In the past few years, a new crop of transformer-based language models such as Google's BERT and OpenAI's ChatGPT has become increasingly popular in text analysis, owing their success to their ability to capture the entire document's context. These new methods, however, have yet to percolate into tourism academic literature. This paper aims to fill in this gap by providing a comparative analysis of these instruments against the commonly used Latent Dirichlet Allocation for topic extraction of contrasting tourism-related data: coherent vs. noisy, short vs. long, and small vs. large corpus size. The data are typical of tourism literature and include comments of followers of a popular blogger, TripAdvisor reviews, and review titles. We provide recommendations of data domains where the review methods demonstrate the best performance, consider success dimensions, and discuss each method's strong and weak sides. In general, GPT tends to return comprehensive, highly interpretable, and relevant to the real-world topics for all datasets, including the noisy ones, and at all scales. Meanwhile, ChatGPT is the most vulnerable to the issue of trust common to the “black box” model, which we explore in detail.

查看原文

微信好友朋友圈 QQ好友复制链接

本刊更多论文

促进旅游研究中的主题建模：人工智能新技术的综合比较

在过去几年中，谷歌的 BERT 和 OpenAI 的 ChatGPT 等新一批基于转换器的语言模型在文本分析领域越来越受欢迎，其成功之处在于它们能够捕捉整个文档的上下文。然而，这些新方法尚未渗透到旅游学术文献中。本文旨在填补这一空白，将这些方法与常用的 Latent Dirichlet Allocation 进行对比分析，以提取旅游相关数据的主题：连贯与嘈杂、短与长、小语料库与大语料库。这些数据是典型的旅游文献，包括一位热门博主的粉丝评论、TripAdvisor 评论和评论标题。我们推荐了评论方法表现最佳的数据域，考虑了成功维度，并讨论了每种方法的强项和弱项。总的来说，对于所有数据集（包括噪声数据集）和所有尺度的数据集，GPT 都倾向于返回全面、高度可解释且与现实世界主题相关的结果。同时，ChatGPT 最容易受到 "黑箱 "模型常见的信任问题的影响，我们将对此进行详细探讨。

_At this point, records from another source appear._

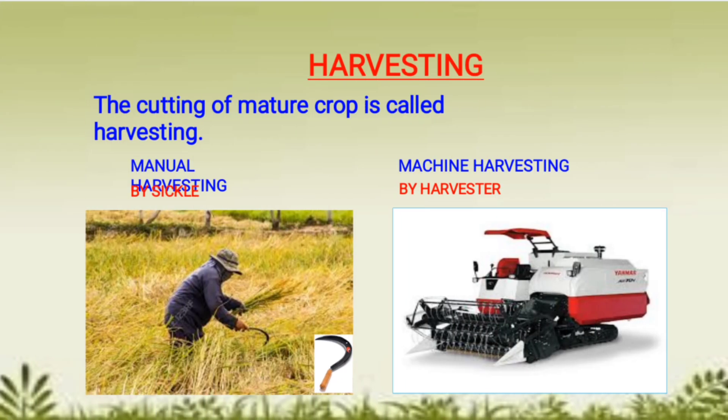In today's video we are going to study our next agricultural practice — harvesting. Harvesting is the cutting of mature crop plants. Generally cereal crops take three to four months to get mature. It is done either manually or using a machine.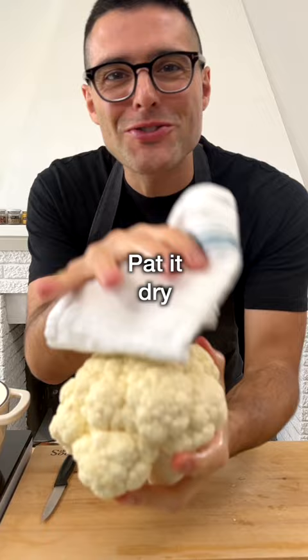Rinse the cauliflower, pat it dry, cut it into small florets and set it aside. Drain and rinse the chickpeas, then set them aside.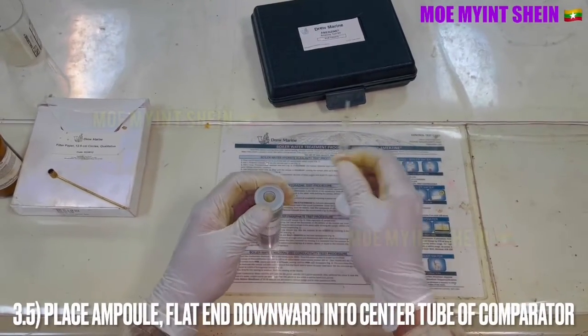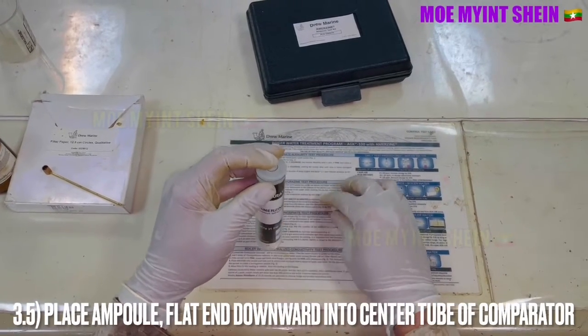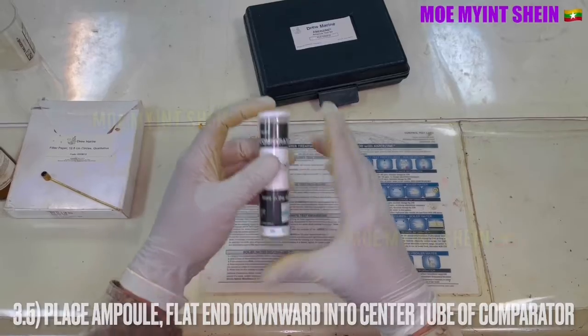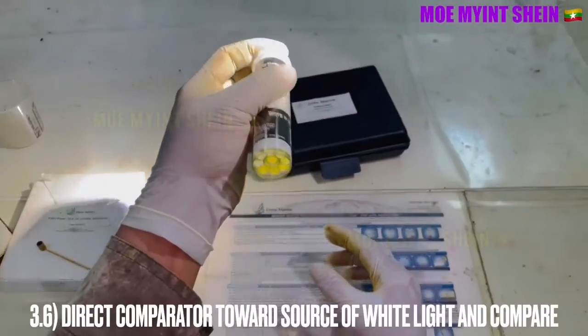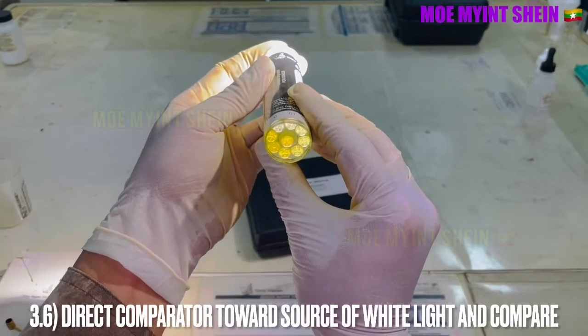Place the flat end of the ampoule downward into the center tube of the comparator. Direct the comparator toward the source of white light and compare the color.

本文章由计算机程序翻译，如有差异，请以英文原文为准。

求助全文

约1分钟内获得全文去求助

来源期刊

Tourism Management Multiple-

CiteScore

24.10

自引率

7.90%

发文量

190

审稿时长

45 days

期刊介绍： Tourism Management, the preeminent scholarly journal, concentrates on the comprehensive management aspects, encompassing planning and policy, within the realm of travel and tourism. Adopting an interdisciplinary perspective, the journal delves into international, national, and regional tourism, addressing various management challenges. Its content mirrors this integrative approach, featuring primary research articles, progress in tourism research, case studies, research notes, discussions on current issues, and book reviews. Emphasizing scholarly rigor, all published papers are expected to contribute to theoretical and/or methodological advancements while offering specific insights relevant to tourism management and policy.